In constructing the rules the training examples were manually studied and phrases that seemed associated with particular emotions were noted both via intuition and measures of association from the Ngram Statistics Package.3 We manually studied the most associated ngrams according to multiple measures of association, and then determined which of these appeared (according to our intuition) to be unique or particularly indicative of a specific emotion. We focused on single words (based on frequency), bigrams, and trigrams. For bigrams and trigrams we allowed there to be intervening words. After adding a few rules to the system, we would then evaluate it on the training data to see if those rules helped or degraded performance. We iteratively constructed our rule-based system in this fashion over a period of five days (approximately 40 hours was spent in analyzing the training data and developing the system).
Below we summarize the key categories of regular expressions used to identify each emotion. The emotions are listed in their frequency order as found in the training data, which is the order in which they are considered by the system. Note that there are more categories of regular expressions in the more frequent emotions since there was more data from which to draw them. While we added some regular expressions based on our intuition and some simple expansions of synonyms based on WordNet, those appeared to have very minimal impact. Note that these are not the actual phrases in the regular expressions, but rather a gisting or generalization of them. The program that implements these rules is available from the author.a
Each emotion had a relatively small number of regular expressions associated with it—at most there were approximately 30 regular expressions associated with more common emotions, whereas with less frequent ones there were just a few.
After developing the rule-based system described above, the resulting regular expressions generally represented multi—word expressions (bigrams or trigrams) that appeared to be relatively unique to a particular emotion. We developed our own very simple method of supervision that approximated the process that we followed manually. The training data was divided by emotion, and the most frequent bigrams that were unique to one or two emotions were selected as features. These bigrams allowed for a single intervening word, meaning that the bigram could occur in a window of size three. We found that larger window sizes degraded precision rather dramatically. While maintaining a window size of two resulted in very good results on the training data (approx 60% F1) this was very clearly over-fitted. When we increased the window size to 3 the precision on the training data fell to approximately 52% but we felt these rules would generalize more readily since they allowed for more flexible formulations of the features (the words in the bigram could occur together, or with one intervening word). Note that bigrams that were made up entirely of stop words or that occurred only 1 time were automatically excluded from being features.

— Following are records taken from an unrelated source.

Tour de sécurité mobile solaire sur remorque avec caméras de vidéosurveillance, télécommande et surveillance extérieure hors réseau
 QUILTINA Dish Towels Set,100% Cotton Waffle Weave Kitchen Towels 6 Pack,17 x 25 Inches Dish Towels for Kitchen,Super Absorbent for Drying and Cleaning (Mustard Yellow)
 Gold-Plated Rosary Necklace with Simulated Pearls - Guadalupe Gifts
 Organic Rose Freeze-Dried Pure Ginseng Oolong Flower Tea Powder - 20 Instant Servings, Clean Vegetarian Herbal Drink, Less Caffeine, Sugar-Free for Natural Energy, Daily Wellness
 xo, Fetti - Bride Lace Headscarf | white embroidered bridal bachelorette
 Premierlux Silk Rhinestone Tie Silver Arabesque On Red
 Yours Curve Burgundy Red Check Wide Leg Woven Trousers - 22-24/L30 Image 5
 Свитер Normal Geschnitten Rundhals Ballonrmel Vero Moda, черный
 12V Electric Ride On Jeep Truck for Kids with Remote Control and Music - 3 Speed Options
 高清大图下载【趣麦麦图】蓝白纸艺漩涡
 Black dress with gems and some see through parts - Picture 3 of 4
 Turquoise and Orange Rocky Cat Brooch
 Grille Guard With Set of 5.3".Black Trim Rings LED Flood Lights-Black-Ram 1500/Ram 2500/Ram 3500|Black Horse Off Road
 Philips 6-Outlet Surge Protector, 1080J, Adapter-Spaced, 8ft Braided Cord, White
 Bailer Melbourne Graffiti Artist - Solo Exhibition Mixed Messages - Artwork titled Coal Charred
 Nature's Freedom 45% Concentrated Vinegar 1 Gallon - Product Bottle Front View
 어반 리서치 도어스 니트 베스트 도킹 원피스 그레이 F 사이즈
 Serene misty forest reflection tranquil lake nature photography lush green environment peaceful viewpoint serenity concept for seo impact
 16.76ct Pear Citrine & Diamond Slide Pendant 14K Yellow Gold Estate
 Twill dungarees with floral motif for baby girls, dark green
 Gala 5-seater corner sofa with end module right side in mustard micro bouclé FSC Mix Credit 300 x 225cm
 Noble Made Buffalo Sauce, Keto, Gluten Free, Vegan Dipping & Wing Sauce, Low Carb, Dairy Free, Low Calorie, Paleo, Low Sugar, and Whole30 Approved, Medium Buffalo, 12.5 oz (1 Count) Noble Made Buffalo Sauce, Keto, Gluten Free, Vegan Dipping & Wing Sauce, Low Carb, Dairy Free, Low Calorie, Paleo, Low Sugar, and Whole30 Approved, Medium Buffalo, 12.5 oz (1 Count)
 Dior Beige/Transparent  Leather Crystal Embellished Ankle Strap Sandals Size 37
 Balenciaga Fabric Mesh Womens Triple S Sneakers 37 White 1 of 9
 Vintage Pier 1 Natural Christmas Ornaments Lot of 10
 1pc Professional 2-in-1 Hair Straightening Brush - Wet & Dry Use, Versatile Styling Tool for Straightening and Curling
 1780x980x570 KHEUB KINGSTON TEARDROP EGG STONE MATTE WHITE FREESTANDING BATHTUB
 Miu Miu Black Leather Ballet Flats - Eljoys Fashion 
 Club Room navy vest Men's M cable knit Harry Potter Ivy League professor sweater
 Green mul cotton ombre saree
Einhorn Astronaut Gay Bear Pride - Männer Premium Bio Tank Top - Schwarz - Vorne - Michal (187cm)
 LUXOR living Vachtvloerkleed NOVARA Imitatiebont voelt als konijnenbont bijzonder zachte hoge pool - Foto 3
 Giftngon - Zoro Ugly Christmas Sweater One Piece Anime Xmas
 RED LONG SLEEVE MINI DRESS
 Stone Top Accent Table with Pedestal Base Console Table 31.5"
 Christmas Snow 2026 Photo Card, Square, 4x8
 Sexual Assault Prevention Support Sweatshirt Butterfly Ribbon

The bigrams identified as features were converted into regular expressions that allowed for matching with one intervening word. Thereafter the system performs exactly like our rule-based system, where it considers rules in frequency order, and where it assigns up to 2 emotions per sentence. In our submitted system we did not attempt to assign the five least common emotions (shown with * below). The number of rules per emotion that were discovered was significantly more than used in our rule-based system, and are as follows: Instructions (1276 rules), Hopelessness (417 rules), Information (258 rules), Love (158 rules), Guilt (136 rules), Thankful (80 rules), Blame (51 rules), Anger (26 rules), Hopeful (rules 14), Sorrow (9 rules), *Happiness (5 rules), *Fear (4 rules), *Forgive (2 rules), *Pride (0 rules), *Abuse (0 rules).
This lightly supervised method was developed in approximately 10 hours.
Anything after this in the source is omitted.